Though by the 1980s, we got the pattern, in 1968, Frank Zappa had to be the most unpredictable artist working. That year saw the release of three albums. First was the most straightforward of the releases — We’re Only In It For the Money, an album where this is the only context in which it can be called “straightforward.” Next was the musique concrete avant-garde classical LP, Lumpy Gravy. So, what better way to follow your first foray into the world of “serious” music? By recording an album in one of the least “serious” genres, Doo-Wop: Cruising With Ruben & the Jets.
Though there’s been a minor critical reappraisal in the years since, in the ’60s, Doo-Wop wasn’t regarded particularly well. Sha-Na-Na, the Doo-Wop revival act, wouldn’t be formed for another year. Much of it was just written off as sentimental, vapid fluff. (Given, too, that Doo-Wop was a primarily Black genre, there’s likely a racial element in the writing off of the genre; same with Disco.) But if there are two genres Frank Zappa was drawn to, it was modern classical and the R&B of his youth — and classical was covered with Lumpy Gravy.
Cruising With Ruben & the Jets isn’t a 100% faithful rendition of the genre. In The Real Frank Zappa Book, Zappa refers to changing up the chord structures and quoting Stravinsky on the album. But while he’s definitely having fun with the genre, it’s surprisingly reverent. While the lyrics for most of the songs are brightly empty — or, alternately, filled with the deepest of teen angst — they’re performed straight.
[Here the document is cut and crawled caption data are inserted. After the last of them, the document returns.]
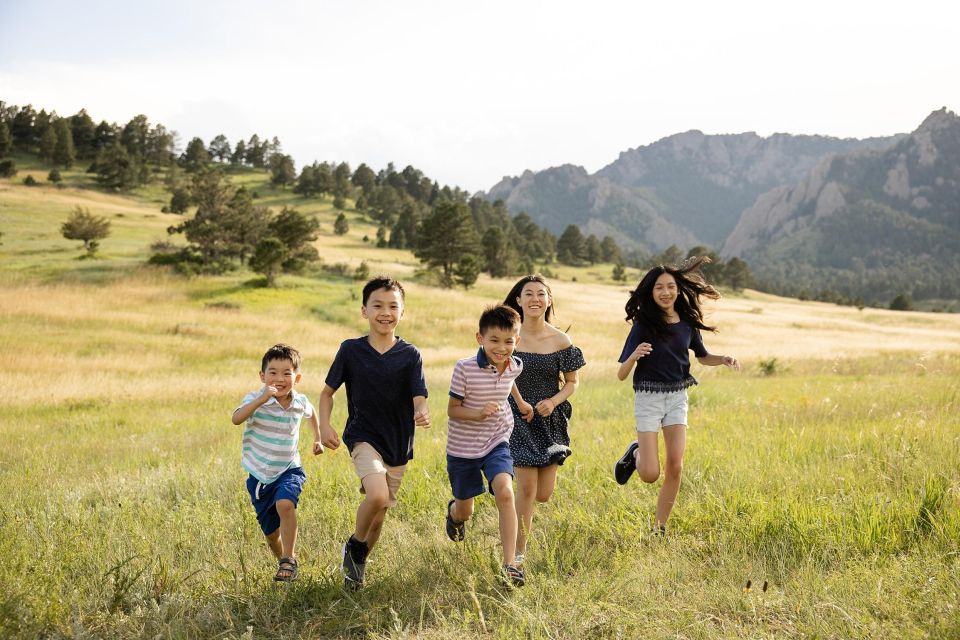 Scenic Mountain Photoshoot in Boulder, Colorado - Photoshoot Inclusions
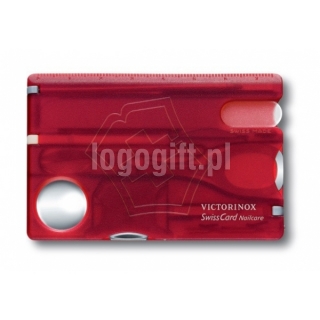 Narzędzie wielofunkcyjne SwissCard Nailcare Victorinox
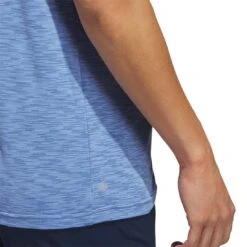 Adidas Spacedye Polo -Elite Golf Shop adidas 2023 spacedye polo blue fusion detail1 itempicture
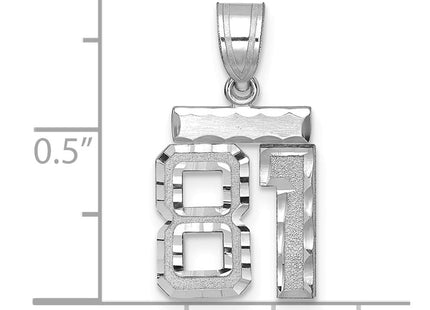14k White Gold Jewelry Style WSN81 - Classique Jewelry Inc.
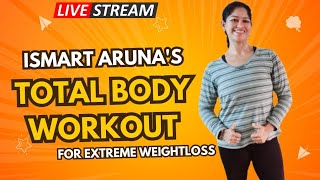 Total body workouts for extreme fat loss by Ismart Aruna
If someone wasn’t paying attention, listeners could easily mistake Cruising With Ruben & the Jets songs for the real thing.
There are, of course, a few hints that the album isn’t actually a lost classic from the ’50s. Four tracks, “How Could I Be Such a Fool?,” “I’m Not Satisfied,” “You Didn’t Try to Call Me” and “Any Way the Wind Blows” previously appeared on Freak Out!. The album art looks like a Frank Zappa record, even before you read the word balloon asking if the album is “a last ditch attempt” to get the Mothers of Invention on the radio. Still, apparently some people were fooled — on the Greasy Love Songs collection, Zappa even tells of some radio programmers who put Cruising With Ruben & the Jets into rotation until they realized it was the Mothers… and got mad at Zappa for “fooling” them.
This is legitimately one of my favorite Frank Zappa albums. I like Doo-Wop generally speaking, and it’s still the early part of Zappa’s career where even when he’s goofing on a genre, there’s a sincerity there. It’s clear that Zappa loves this stuff; he kids with love, which is rare for him. Many times, Zappa approaches the subject of his satire as an outsider, removed from it. But on Cruising With Ruben & the Jets, he’s revelling in it, and it makes the album a joy.
This is, like We’re Only In It For the Money, a victim of Zappa’s ’80s remixing. The ’80s remix, currently available as the default version of the album, isn’t nearly as awful as the Money mix (let alone the Lumpy Gravy mix which was too bad to even release), but the redubbed drums and bass do not fit in stylistically at all. The remix is full of slap bass, sounding like Les Claypool was wandering by as a Doo-Wop band plays in some sort of Back to the Future/Marvin Berry-type situation. Thankfully, the original vinyl mix was eventually released as Greasy Love Songs, along with bonus tracks — this is the version to get. It’s one of Zappa’s best albums as it was meant to be heard.
By the way — this should not be confused with Ruben & the Jets, the real band. They were discovered by Zappa who gave his blessing to their name and produced their first album, For Real!. Motorhead Sherwood was, oddly enough, a member of both the Mothers lineup that recorded Cruising With Ruben & the Jets as well as this Ruben & the Jets. The real band only recorded one other album, Con Safos, before breaking up.